Sie haben von sich selbst genug. Sie haben einfach genug.
Das ist der Grund für
die Auflösung der Regierung in dieser Woche. Sie fiel nicht wegen
eines besonderen Grundes. Sicherlich nicht wegen belangloser
Angelegenheiten wie Frieden oder Krieg, Besatzung, Rassismus,
Demokratie und ähnlichem Unsinn.
Seltsam genug; denn
dies geschah Netanjahu schon früher einmal. Seine erste
Regierungszeit löste sich im Jahr 2000 auf, und das ganze Land
atmete hörbar erleichtert auf.

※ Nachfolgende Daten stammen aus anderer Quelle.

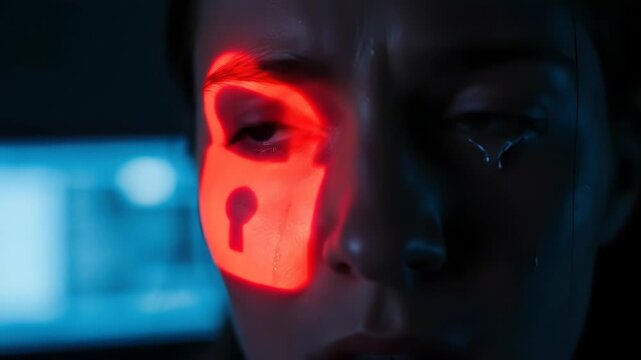 Woman with red digital lock icon projected on her face for cybersecurity concept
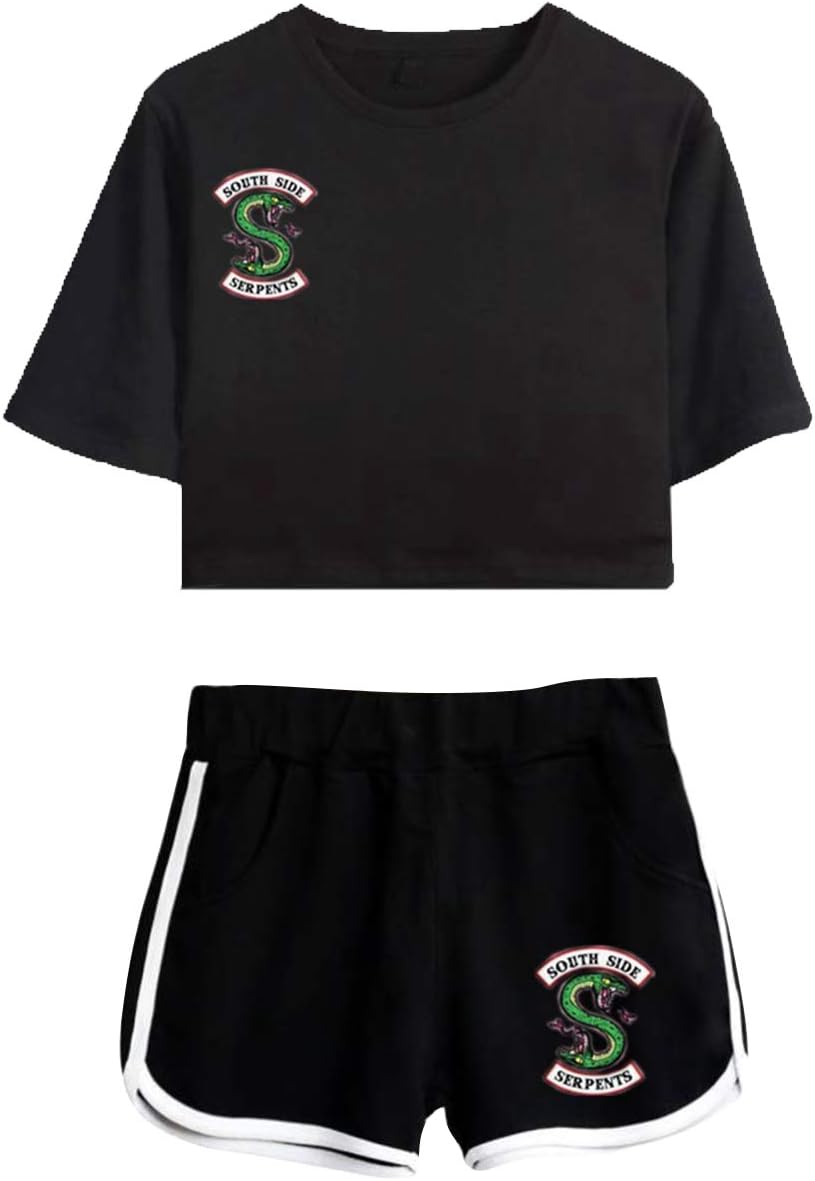 Riverdale Tops and Shorts Set, South Side Serpent Clothes Teen Girls T-Shirt Set Causal Sport Tracksuit Two Piece Suit Sales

Tatsächlich war das allgemeine Gefühl
eines der Befreiung, als ob ein fremder Eroberer endlich
vertrieben worden wäre. Wie im Paris 1944.
Als im Jahr 2000 am
Abend nach der Wahl verkündet wurde, Netanjahu sei besiegt worden,
brach Begeisterung aus. Zehntausende Bürger waren außer sich und
strömten spontan auf den Hauptplatz von Tel Aviv, den Rabinplatz,
und jubelten dem Retter zu: Ehud Barak, dem Führer der Labor-Partei.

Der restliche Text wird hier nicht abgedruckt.